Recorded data
╔══

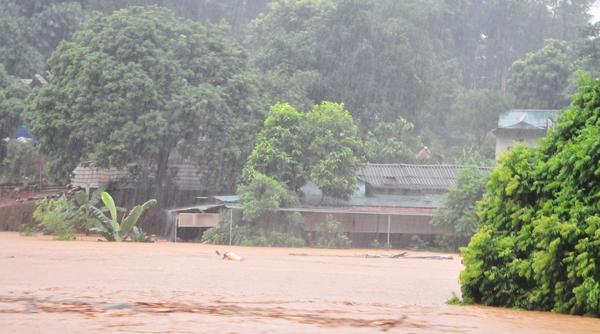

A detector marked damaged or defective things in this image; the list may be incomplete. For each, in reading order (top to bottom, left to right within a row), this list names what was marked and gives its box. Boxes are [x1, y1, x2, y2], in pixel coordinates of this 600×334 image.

rusty metal roof [356, 164, 492, 190]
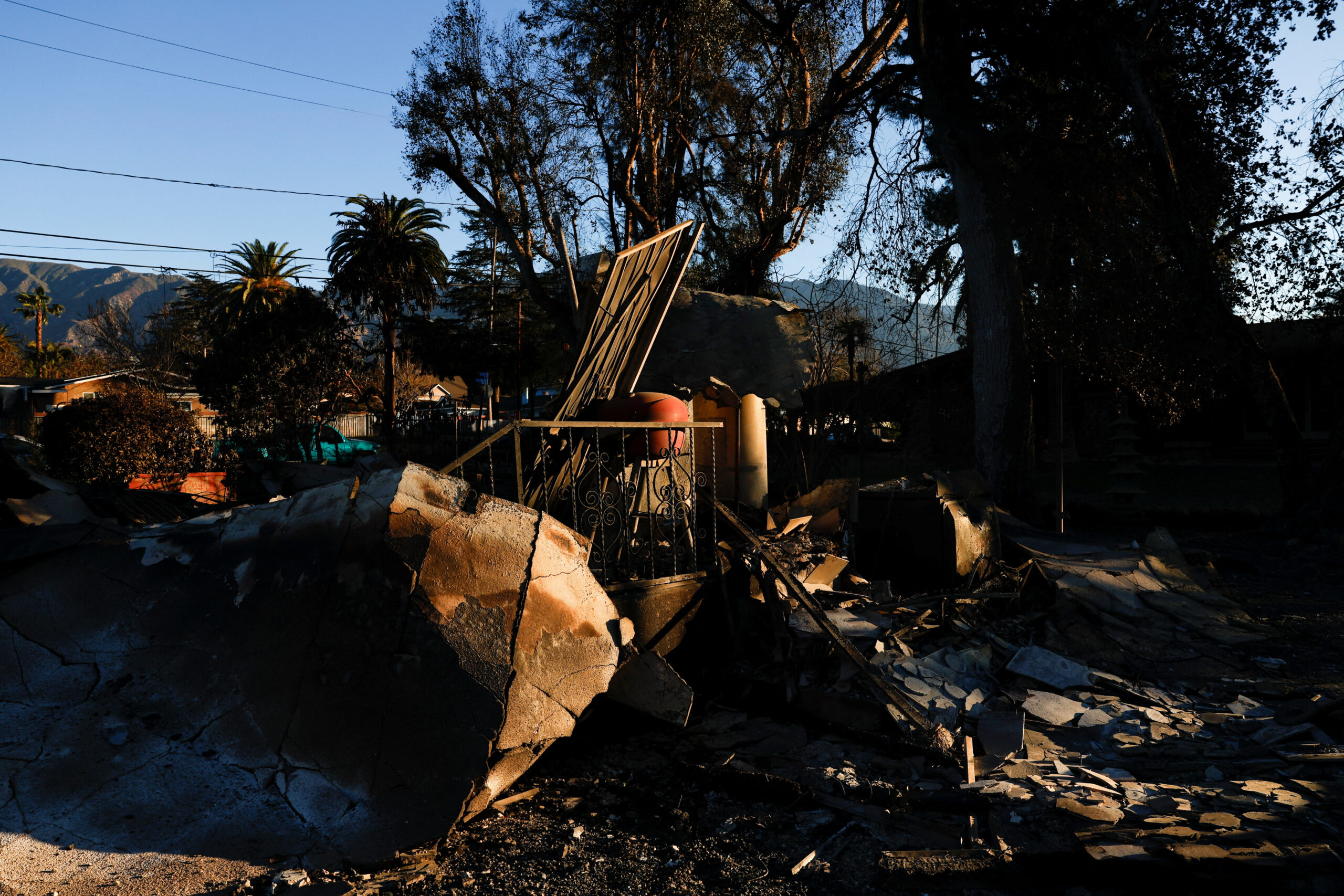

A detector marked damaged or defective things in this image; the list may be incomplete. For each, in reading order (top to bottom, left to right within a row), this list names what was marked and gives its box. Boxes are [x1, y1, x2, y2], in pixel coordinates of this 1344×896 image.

cracked concrete slab [0, 464, 622, 890]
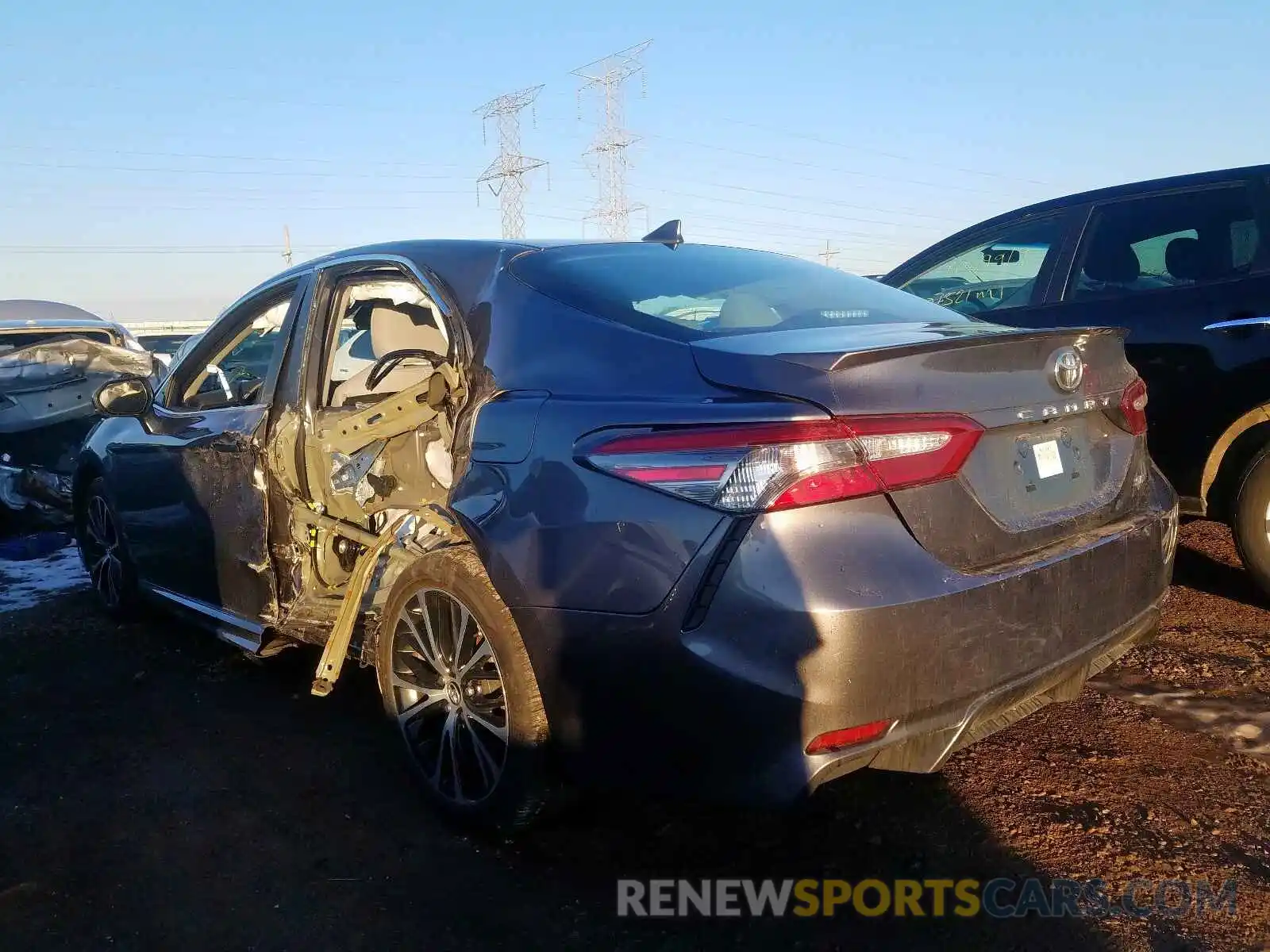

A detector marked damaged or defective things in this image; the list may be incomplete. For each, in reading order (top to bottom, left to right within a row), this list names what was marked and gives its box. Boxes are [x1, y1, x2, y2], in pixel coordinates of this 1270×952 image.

wrecked vehicle [1, 305, 156, 527]
damaged toyota camry [75, 228, 1175, 825]
wrecked vehicle [71, 230, 1181, 825]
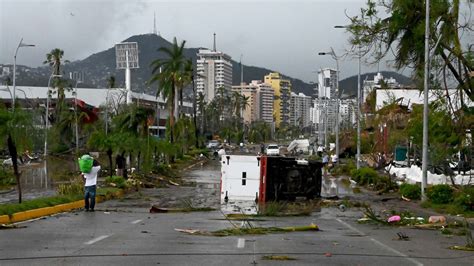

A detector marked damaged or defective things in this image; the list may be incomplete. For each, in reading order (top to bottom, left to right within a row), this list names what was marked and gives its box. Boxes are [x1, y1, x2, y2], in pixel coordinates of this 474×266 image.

wrecked signage [221, 154, 324, 204]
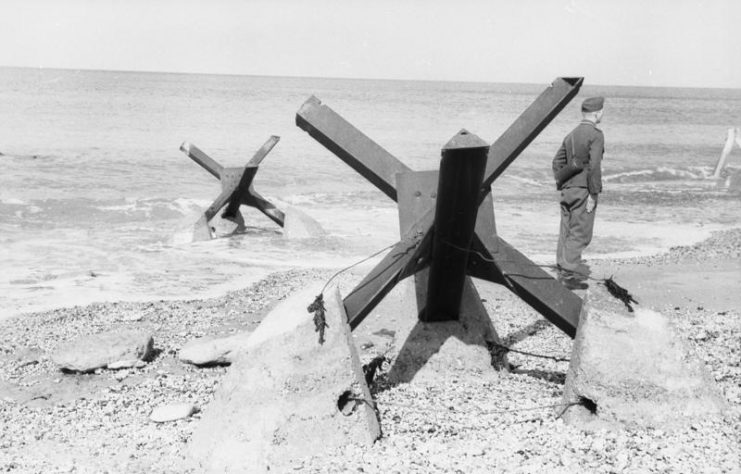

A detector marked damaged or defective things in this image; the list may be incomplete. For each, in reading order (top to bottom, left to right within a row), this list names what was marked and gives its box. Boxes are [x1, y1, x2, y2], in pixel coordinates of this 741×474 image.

rusted metal beam [294, 95, 410, 201]
rusted metal beam [482, 76, 580, 194]
rusted metal beam [424, 130, 488, 322]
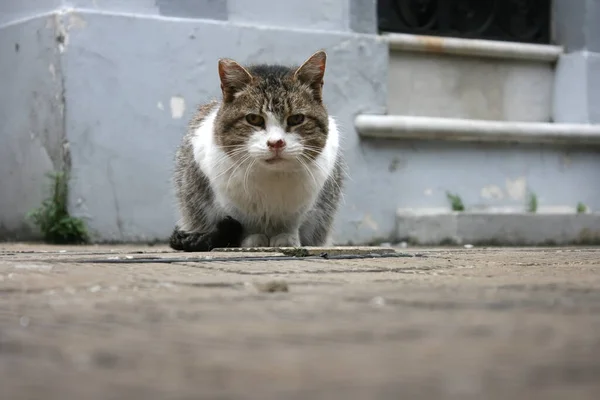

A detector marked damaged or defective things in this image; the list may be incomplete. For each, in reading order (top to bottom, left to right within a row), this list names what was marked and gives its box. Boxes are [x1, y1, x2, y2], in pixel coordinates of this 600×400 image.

cracked pavement [1, 245, 600, 398]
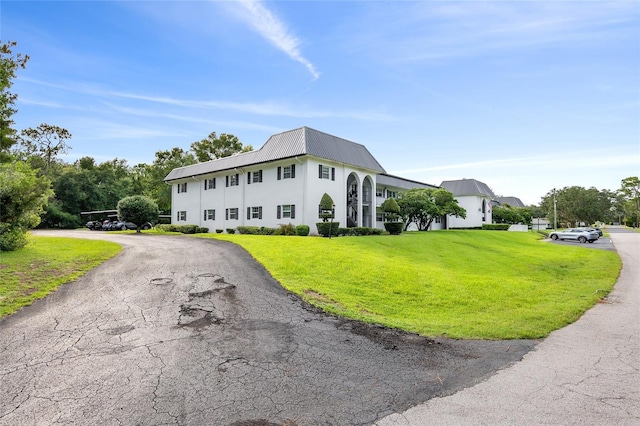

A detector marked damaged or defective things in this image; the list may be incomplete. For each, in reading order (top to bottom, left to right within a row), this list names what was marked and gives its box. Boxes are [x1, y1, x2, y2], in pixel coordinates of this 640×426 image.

pothole in pavement [176, 272, 236, 330]
patched pavement [0, 231, 532, 424]
cracked asphalt [1, 230, 536, 426]
cracked asphalt [376, 230, 640, 426]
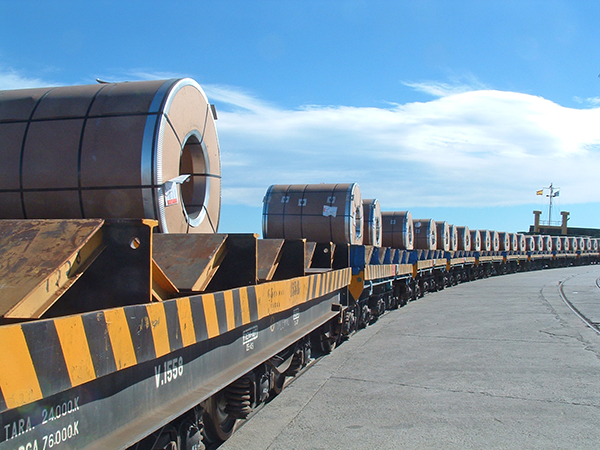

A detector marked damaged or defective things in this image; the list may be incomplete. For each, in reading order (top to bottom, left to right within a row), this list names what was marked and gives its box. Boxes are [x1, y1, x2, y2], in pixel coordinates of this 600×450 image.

rusty metal surface [0, 219, 104, 318]
rusty metal surface [154, 232, 229, 292]
rusty metal surface [256, 239, 284, 282]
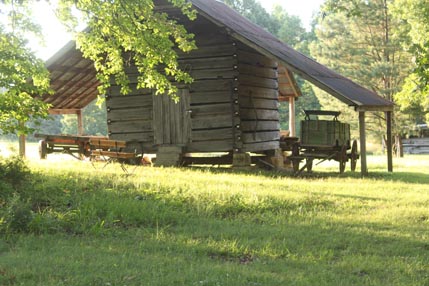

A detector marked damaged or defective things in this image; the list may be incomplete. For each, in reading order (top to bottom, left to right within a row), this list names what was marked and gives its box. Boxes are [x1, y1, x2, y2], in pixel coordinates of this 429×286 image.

rusty metal roof [190, 0, 392, 110]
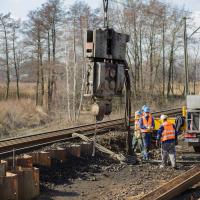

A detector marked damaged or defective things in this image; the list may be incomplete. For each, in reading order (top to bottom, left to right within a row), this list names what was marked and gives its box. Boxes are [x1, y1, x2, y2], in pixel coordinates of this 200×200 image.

rusty rail [0, 108, 181, 158]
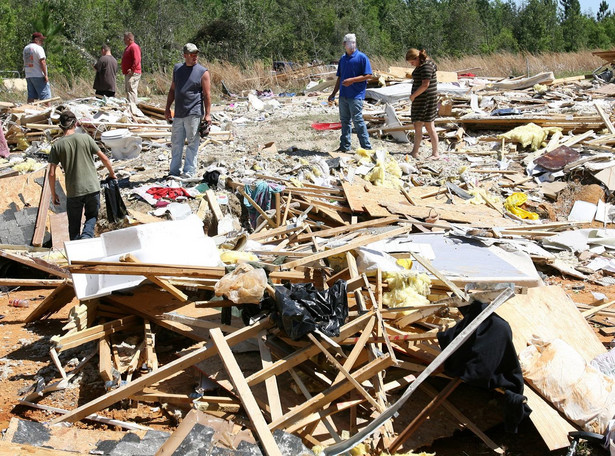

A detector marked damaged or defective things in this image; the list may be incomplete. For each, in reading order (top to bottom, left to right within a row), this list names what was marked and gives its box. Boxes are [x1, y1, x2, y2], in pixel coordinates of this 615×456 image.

splintered board [496, 286, 608, 450]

╚══

## WHAT YOU SHOULD DO
Exactly the lines from the one containing "this 615×456 image." through the end of the records above are to be printed, and no others.

## SOLUTION TO THE PROBLEM
A detector marked damaged or defective things in this image; the list may be incomplete. For each, in reading order (top to bottom, left to right within a row), this list names what was marked and gives its box. Boxes are [x1, y1, x2, y2], in pixel coordinates of this 615×456 image.

splintered board [496, 286, 608, 450]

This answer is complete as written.